一种分析VDR基因多态性位点Cdx-2的方法及应用

摘要

本发明适用于生物技术领域，提供了一种分析VDR基因多态性位点Cdx-2的方法及应用，该方法包括以下步骤：设计用于扩增VDR基因Cdx-2多态性位点片段的PCR引物，并通过突变PCR引物近3’端的一个碱基形成特异性PCR引物，所述特异性PCR引物的突变碱基与Cdx-2多态性位点的G等位基因碱基形成能被BseMII内切酶识别的酶切位点；使用上述特异性PCR引物扩增Cdx-2多态性位点的DNA片段得到PCR扩增产物；使用BseMII内切酶对上述扩增产物进行酶切反应得到酶切产物；对所述酶切产物进行电泳、并分析电泳结果。

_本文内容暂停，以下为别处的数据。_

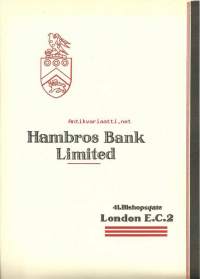 Hambros Bank Limited, London - mainos A4 kokoEripainos The Finnish Paper&amp;Timber Journal-lehteen 1937 nr 7A,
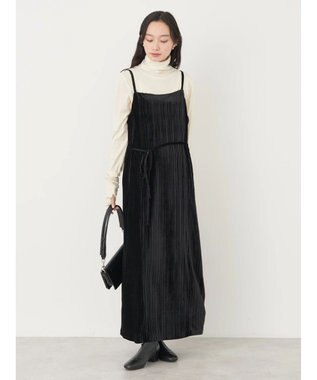 earth music&ecology ベロアプリーツキャミワンピース Black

本发明提供的新的分析VDR基因多态性位点Cdx-2的方法，操作简单、且准确性高。

主权项

一种非疾病治疗和诊断目的的分析VDR基因多态性位点Cdx‑2的方法，包括以下步骤：设计用于扩增VDR基因Cdx‑2多态性位点片段的PCR引物，并通过突变PCR引物近3’端的一个碱基形成特异性PCR引物，所述特异性PCR引物的突变碱基与Cdx‑2多态性位点的G等位基因碱基形成能被BseMII内切酶识别的酶切位点；使用上述特异性PCR引物扩增Cdx‑2多态性位点的DNA片段得到PCR扩增产物；使用BseMII内切酶对上述扩增产物进行酶切反应得到酶切产物；对所述酶切产物进行电泳、并分析电泳结果，其中，所述特异性PCR引物的上游引物用Cdx‑2F表示，下游引物用Cdx‑2B表示，所述Cdx‑2F、Cdx‑2B的序列分别如SED ID NO:1、SED ID NO:2所示，具体为：Cdx‑2F：TTATATATATTCCTGAGTAAACTAGGTCTCA；Cdx‑2B：GCGTGGAGTTAGAAAGACAGAAG，其中Cdx‑2F近3’端第三个碱基T为突变碱基。